I've never told anyone until now that I feared years ago that I might get cancer. My grandma had cancer, lung cancer that ultimately took her life.  I was afraid to hug her or touch her, I was so afraid of "catching it".  Rationally I knew even as a 12 year old that I couldn't catch cancer.  I don't know why I felt that way, but I did.  She has been gone now 19 years, in some ways I still feel guilty for it.
My worst fear, the thing that terrified my nights as a child had in fact become my reality.

How can the world move on as though nothing has changed.  I walked out and into the sunshine of a glorious summer day, the sky was as clear as crystal and brilliantly blue.  I felt the warmth on my face but I felt cold, chilled even.  Didn't the world know?  Did it not care that I have cancer?  It moved right on by without pausing.

I was "only" 32 when I received my diagnosis.  My children are so young my baby is only 2 and it scared me to death that I would not be around for them.  I watched the cancer eat my grandma from a 200 pound robust healthy woman to a frail 90 pounds before it robbed us, and she had to leave.

I thought what am I going to do?
A thought came into my mind just as loud and clear as if it had been shouted in my head.  Move past the fear.  Today you are here, what are you going to do with today?

MOVE PAST the FEAR, MOVE PAST the FEAR has become my mantra.  I have cancer but I am not dying from it.  I am living with it.

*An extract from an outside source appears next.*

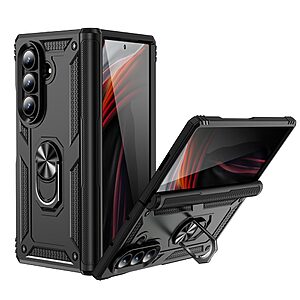 Θήκη Samsung Galaxy Z Fold7 5G Mad Mask Πλάτη Thin Armor με Μαγνητικό δαχτυλίδι και Βάση στήριξης TPU μαύρο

The one thing cancer has taught me is to appreciate life more.  I will take a lazy morning and pull my children into bed and watch a Shirley Temple Movie, or I will go and throw snow balls in the back yard.  Before cancer, I was always SOOOO busy.  Busy, doing what?  I don't know but what ever it was isn't as important as what I am doing today.  Today, yes I think we'll  be coloring Scooby-doo pictures sprawled belly down on my living room floor.  And have popcorn and hot cocoa for lunch, my 5 year old always ask for it, and I say "Sure why not"?

I take cancer for what it is, an extra reminder, to be alive. I am more and more grateful for it.     Hmmm who would have thought anyone could be grateful for cancer?

As I become more grateful everyday, I have learned to appreciate the more common aspects of my life on a deeper level. The smell of morning rain.  The feel of the comforter on our bed, my goodness it's so fluffy.  My husbands breath as he sleeps.  Children fighting over staying up a little later or who gets what ice cream 

Paying close attention to things like that is what keeps me in touch with what’s real.  That is exactly what today’s post is about.  So many people spend their lives trying to do and buy so much, that they get distracted from what’s real in their lives.  Human connection is real.  Love is real.  Nature is real.  These are the things that make life as amazing as it is, and these are the things that should be cherished the most.

1 comment:

  1. Sarah, I love you all the day long. You are so amazing. I hope you know that! You are a light shining in my life. You are beautiful, fun, and soooooooooo soosooooo smart. I am grateful to know you. I truly am. Thanks for letting me call you Friend.